• TASK OBJECTIVE
Produce a faithful copy of every record below, without the pictures.

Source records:

┏━━

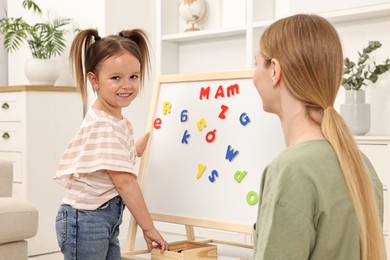 Photo of Mom teaching her daughter alphabet with magnetic letters at home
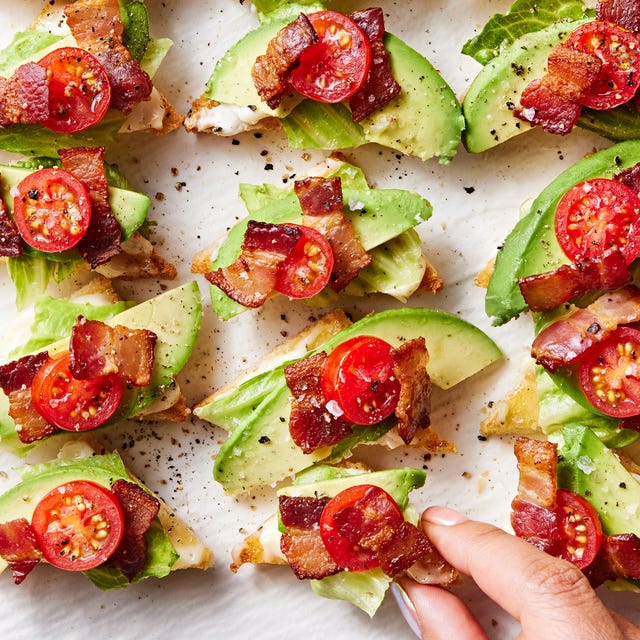 white toast points topped with lettuce, avocado, lettuce, and tomato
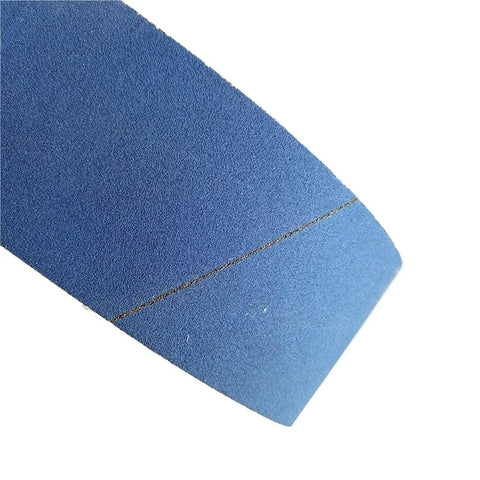 Pro Grade Calcined Aluminum Oxide Sanding Belts Set Of Five Four By Thirty Six Inch Assorted Grit Pack close-up of blue belt surface for heavy metal grinding.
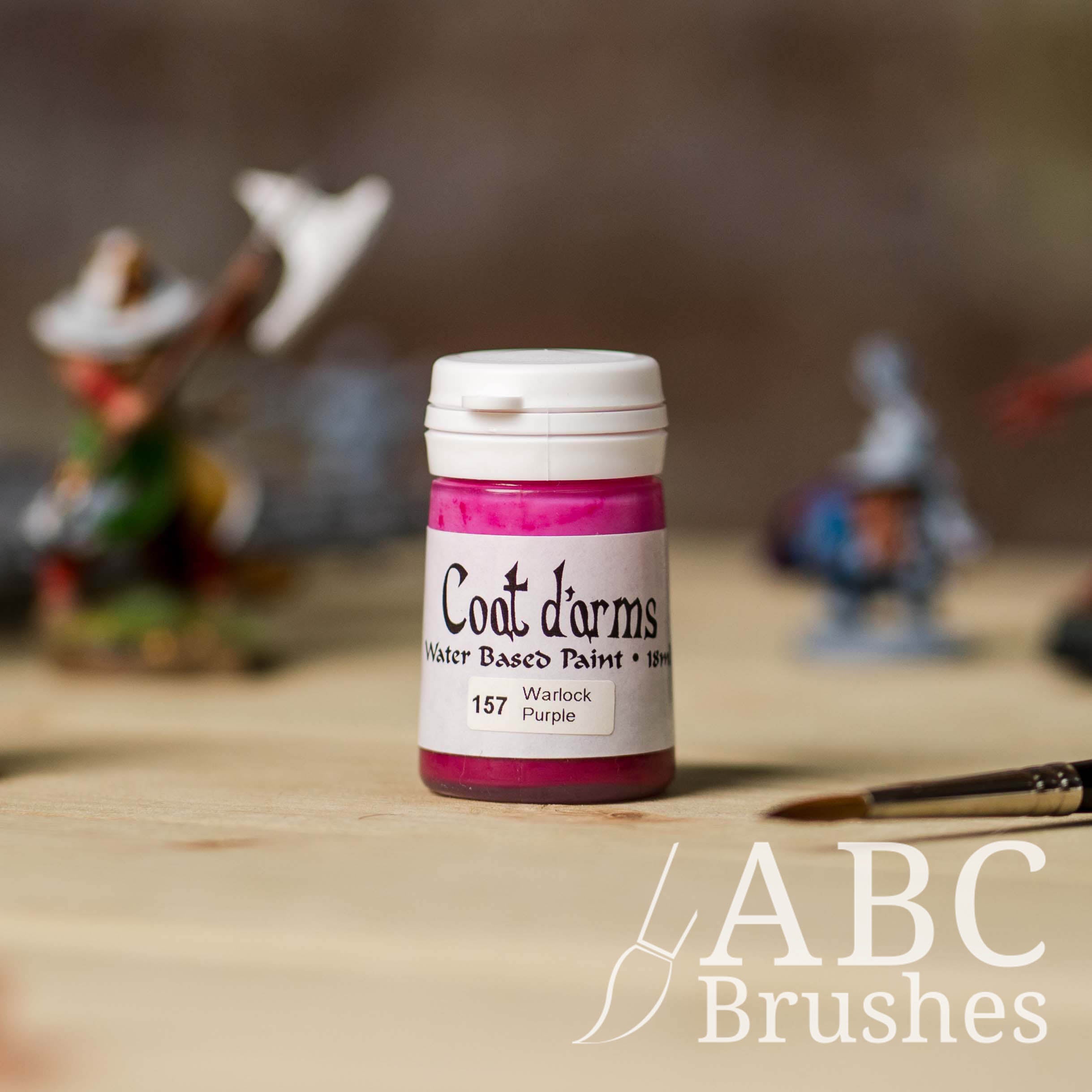 Bottle of Coat d'Arms Acrylic paint in the colour Warlock Purple, with various wargaming models and an abc paintbrush in the background, on a wooden surface.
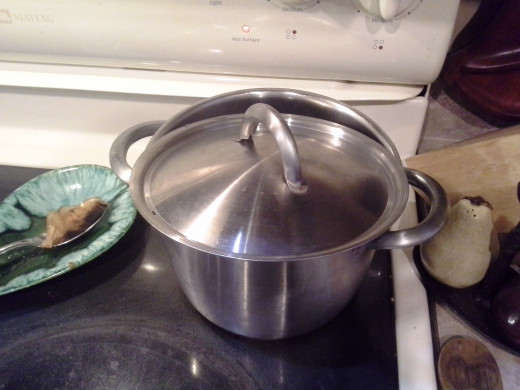 I also put the cover back on, but not completely to block the boiling water from splashing out.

┗━━

• TASK RESPONSE
 Photo of Mom teaching her daughter alphabet with magnetic letters at home
 white toast points topped with lettuce, avocado, lettuce, and tomato
 Pro Grade Calcined Aluminum Oxide Sanding Belts Set Of Five Four By Thirty Six Inch Assorted Grit Pack close-up of blue belt surface for heavy metal grinding.
 Bottle of Coat d'Arms Acrylic paint in the colour Warlock Purple, with various wargaming models and an abc paintbrush in the background, on a wooden surface.
 I also put the cover back on, but not completely to block the boiling water from splashing out.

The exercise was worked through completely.